When you say ‘Disney films’ the first one to come to mind are likely to be the ones made during Disney’s boom ‘renaissance’ period, starting with The Little Mermaid in 1989. Beauty and the Beast, Aladdin, Pocahontas, Mulan: the list of hits goes on. Yet it is easy to forget that before this period, Disney as a movie studio was a broken entity with a growing list of bombs.
The PG rated and darkly themed The Black Cauldron had left the entire department at risk of being shut down, and the departure of Don Hahn himself to set up a rival company (taking many key animators with him) gutted out the pool of people who were still hand animating every scene. With movies being laboriously produced at a rate of one a year, something had to change.
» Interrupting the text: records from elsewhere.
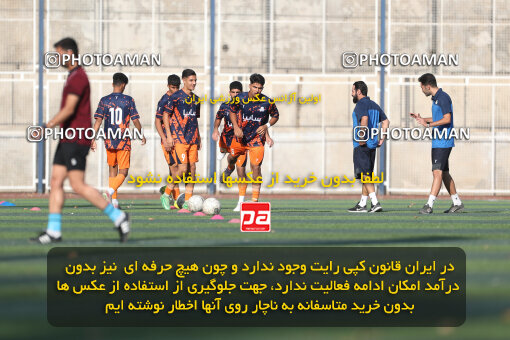 1404.08.09_17977_156_0031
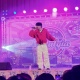hyl0713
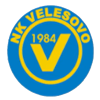 Velesovo Cerklje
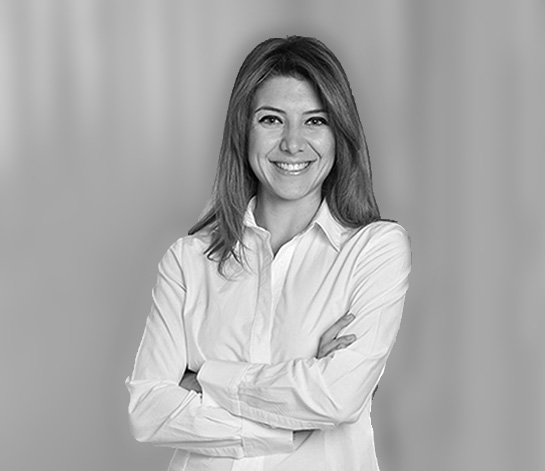 gizem muftuoglu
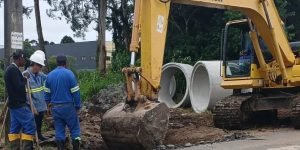 whatsapp-image-2026-03-13-at-11.47.19-6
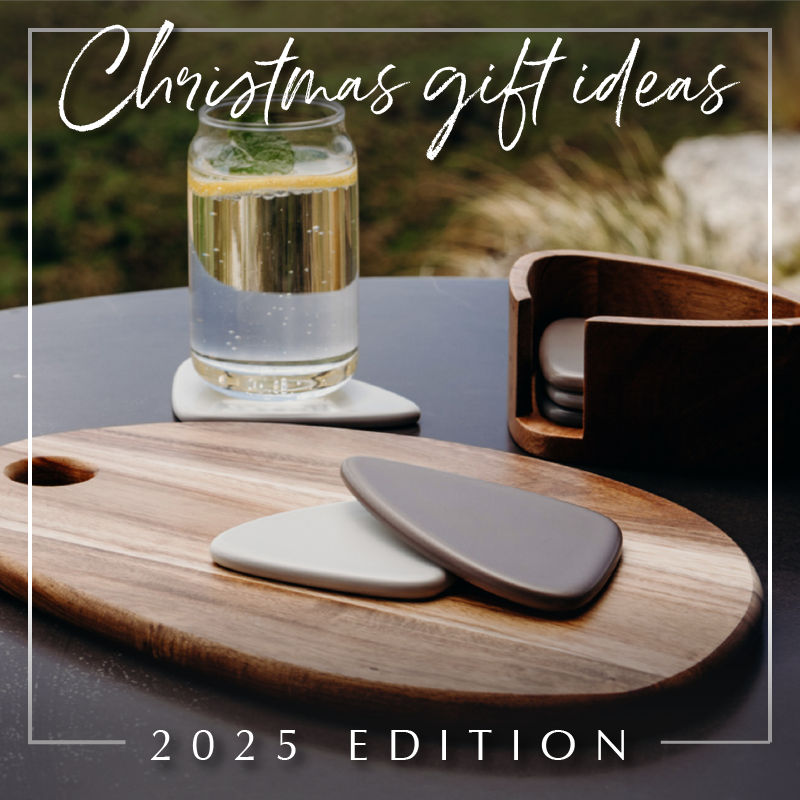 Christmas gift ideas: Top 8 unique gifts for your staff 2025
Waking Sleeping Beauty may not feature any newly filmed interviews or new footage, but Hahn’s insider knowledge and wide access to archive footage allows him to skillfully weave the story of how Disney went from broken to awakened. Corporate shifts and big new players made their mark, such as Roy Disney taking charge of the animation department and drafting in movie producer Jeffrey Katzenberg from Paramount Pictures (a former colleague of the now Disney CEO Michael Eisner).
Like The Imagineering Story, corporate shenanigans (and clashes) are good gumbo for the pot, but Hahn also uses the documentary as a means to shine a light on the huge influence of lyricist and composer Howard Ashman who, along with Alan Menken, created the songs that gave the Disney movies of the time such an iconic ‘musical’ feel. His work on Beauty and the Beast and The Little Mermaid (as well as songs used in Aladdin after his untimely death from AIDS-related illness) get a whole 20 minutes segment in the middle of the movie and shines out among the usual men-in-suits affair.
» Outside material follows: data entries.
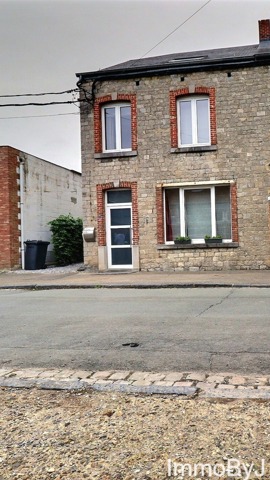 Maison - à louer - 5537 Anhée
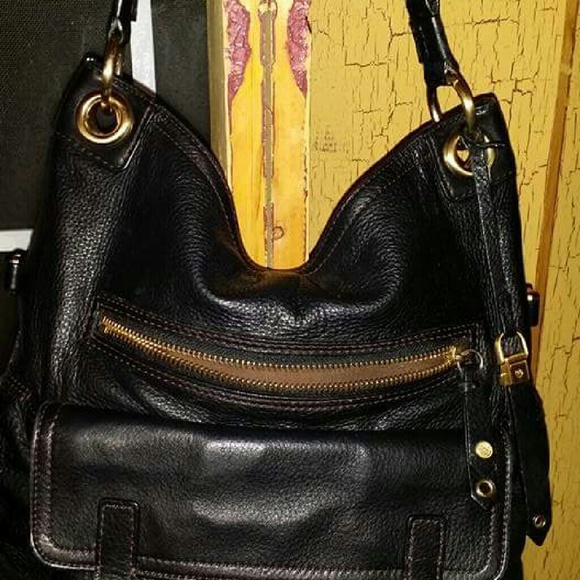 Cole Hann handbag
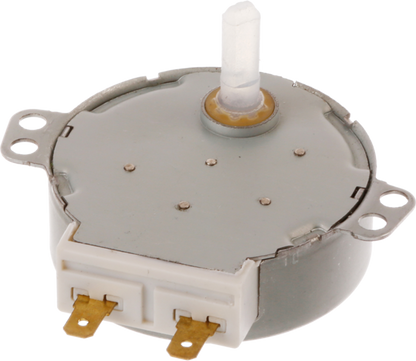10012850 Motor Bosch | Siemens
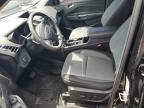 2017 Ford Escape Se   for Sale in Savannah, GA - Front End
Surprisingly not much focus is given the animators themselves in terms of craft. Instead, they are mostly dealt with as a whole: a group of put upon youths somewhat at odds with the elder hangovers from the original Walt Disney employees. Office politics and clashes with management show the pressures they were under, not least because the entire department was moved off the Disney lot and into a disused unit at an industrial park. We tend to just get a feel for the group collectively, mostly shown through unauthorised handheld camera footage shot by one John Lasseter (who would later rise to considerable fame and power with Pixar). The feeling? Exhaustion, but love of animation.
The narration by Hahn and addition of new voice interviews give context to the footage, although in a rather ugly manner. The interviews are used in voice over with a text message style speech bubble popping up to tell you who is talking. That irritation aside, it is clear that Hahn knows his stuff, having been there in the period leading up to the time frame he covers, even if the documentary never quite digs in that deeply.
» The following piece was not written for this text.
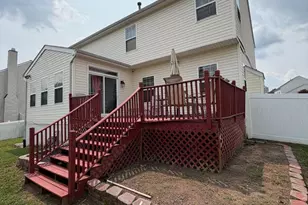 31 Ruland Dr, Bunker Hill, WV 25413 - Photo 6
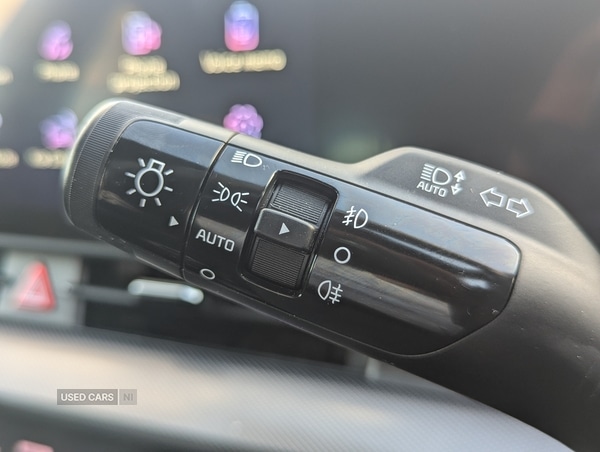 Used Kia Sportage 2022 for sale - 76528457: Photo 26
There are suggestions of tensions between the key top brass. Roy Disney and Michael Eisner clearly did not get on, and Katzenberg’s push to get the President job (not long after the previous President and much loved Frank Wells was tragically killed in a helicopter accident) ruffled feathers. These are covered, but the lack of in-person interviews means we never really drill down to the detail.
With a company with a history as long and varied in fortune as Disney, a documentary such as Waking Sleeping Beauty is a fascinating watch. The hugely impressive run of hits that Disney enjoyed during the renaissance period wasn’t down to luck but instead due to the concerted efforts of savvy corporate players and blood sweat and tears animators. It took more than a kiss to revive this stately body, but once awakened she (rightly) came up swinging.